Information
>>>>

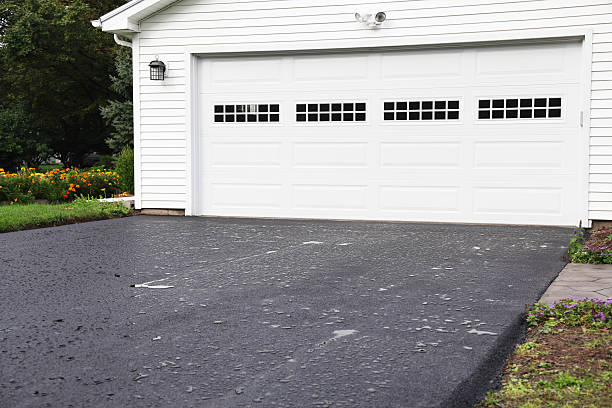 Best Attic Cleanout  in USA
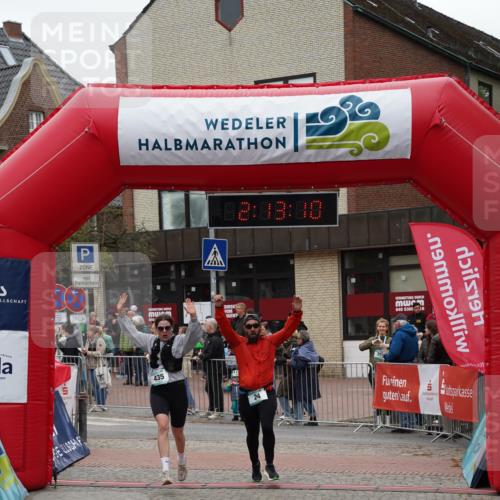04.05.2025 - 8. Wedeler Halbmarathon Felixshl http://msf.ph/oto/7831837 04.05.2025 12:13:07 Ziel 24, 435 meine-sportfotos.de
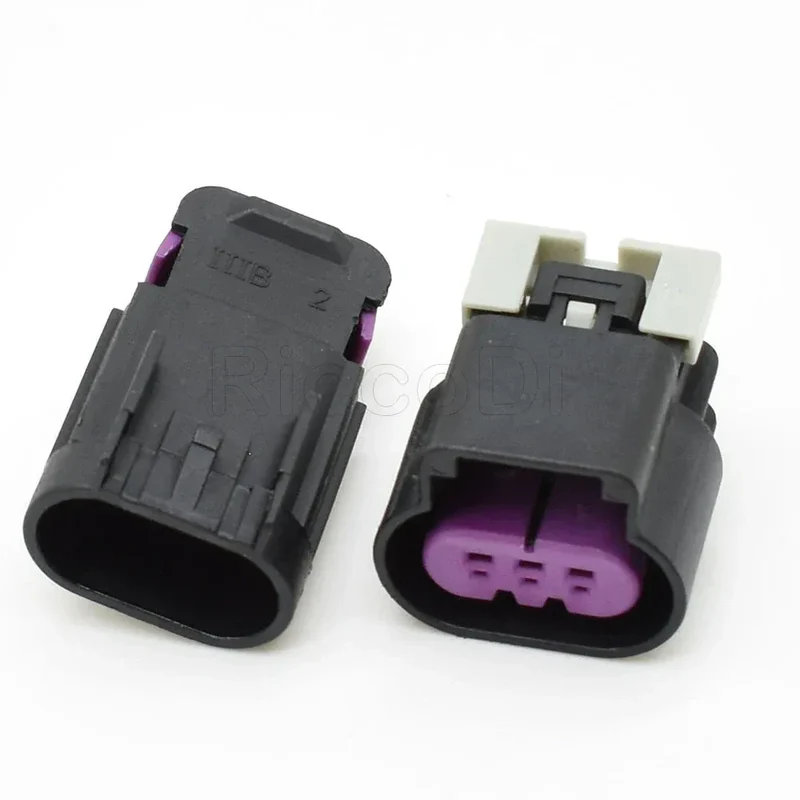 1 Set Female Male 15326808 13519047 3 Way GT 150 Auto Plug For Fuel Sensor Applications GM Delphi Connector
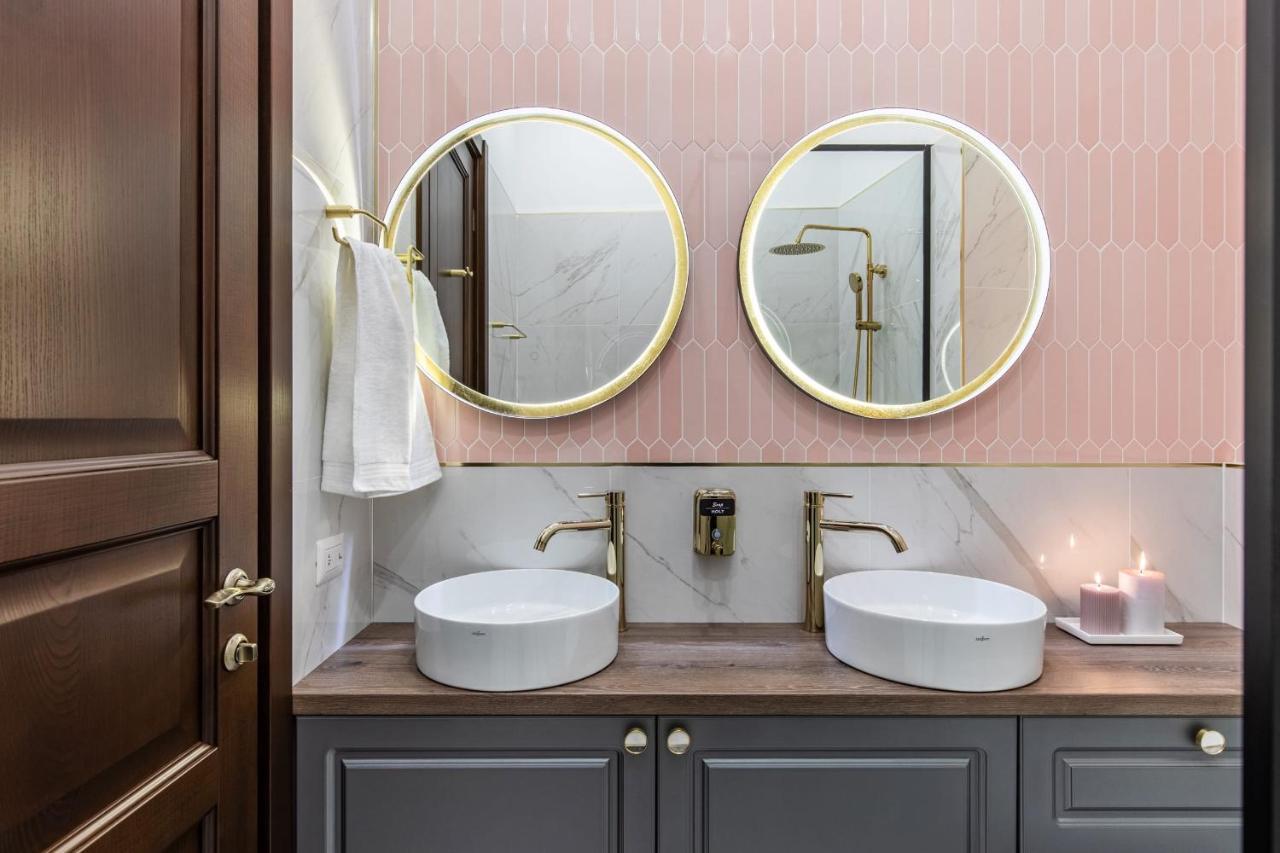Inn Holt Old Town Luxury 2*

<<<<
>>>>

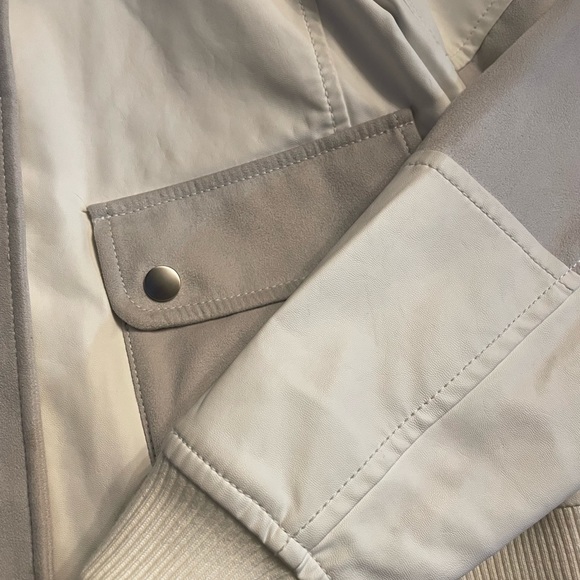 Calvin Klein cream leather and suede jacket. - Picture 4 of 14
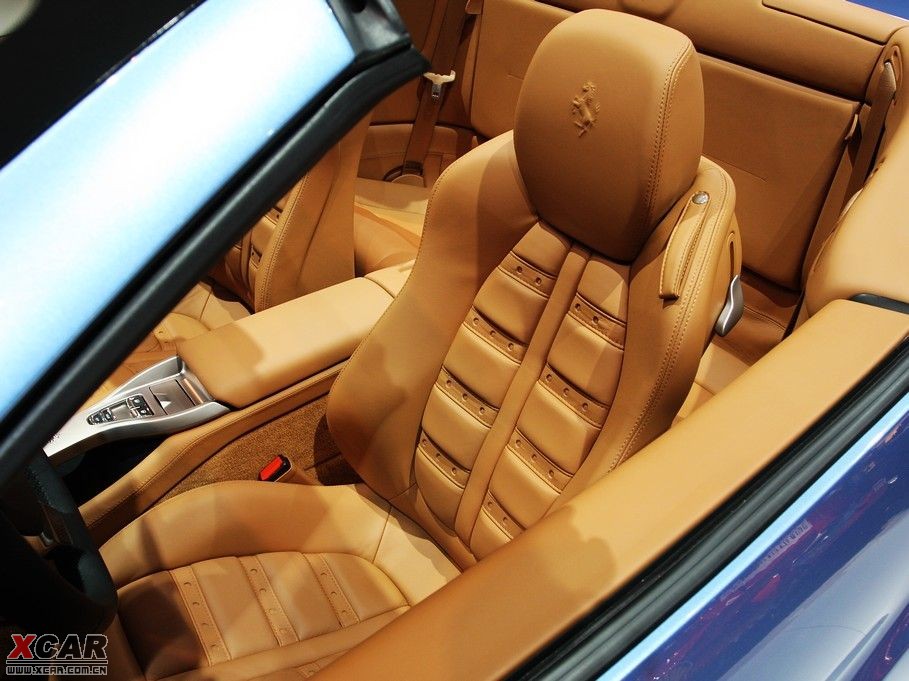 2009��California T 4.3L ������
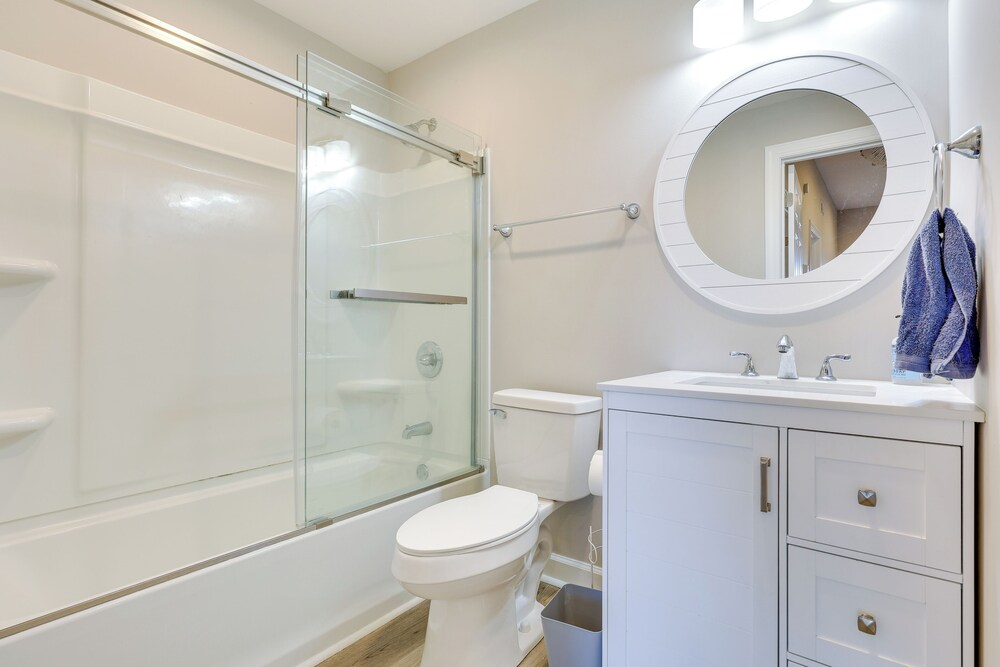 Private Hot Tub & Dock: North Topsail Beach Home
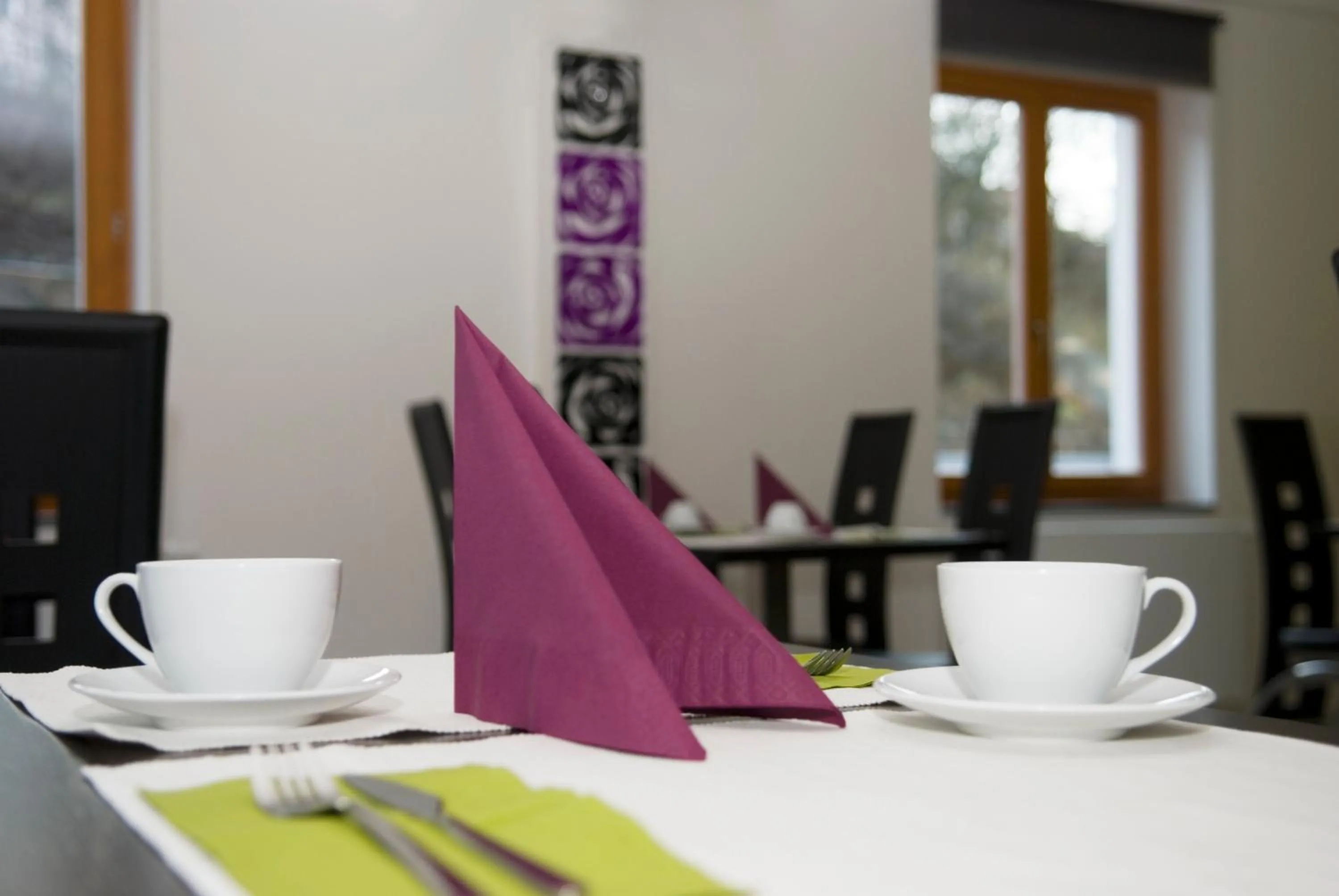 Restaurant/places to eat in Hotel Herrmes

<<<<

Task directions
Look above for the line with "Best Attic Cleanout", then print it and each line after it down to and including the line with "Inn Holt Old Town Luxury 2*". Leave out the pictures and keep the wording exact.

Answer area
 Best Attic Cleanout  in USA
04.05.2025 - 8. Wedeler Halbmarathon Felixshl http://msf.ph/oto/7831837 04.05.2025 12:13:07 Ziel 24, 435 meine-sportfotos.de
 1 Set Female Male 15326808 13519047 3 Way GT 150 Auto Plug For Fuel Sensor Applications GM Delphi Connector
Inn Holt Old Town Luxury 2*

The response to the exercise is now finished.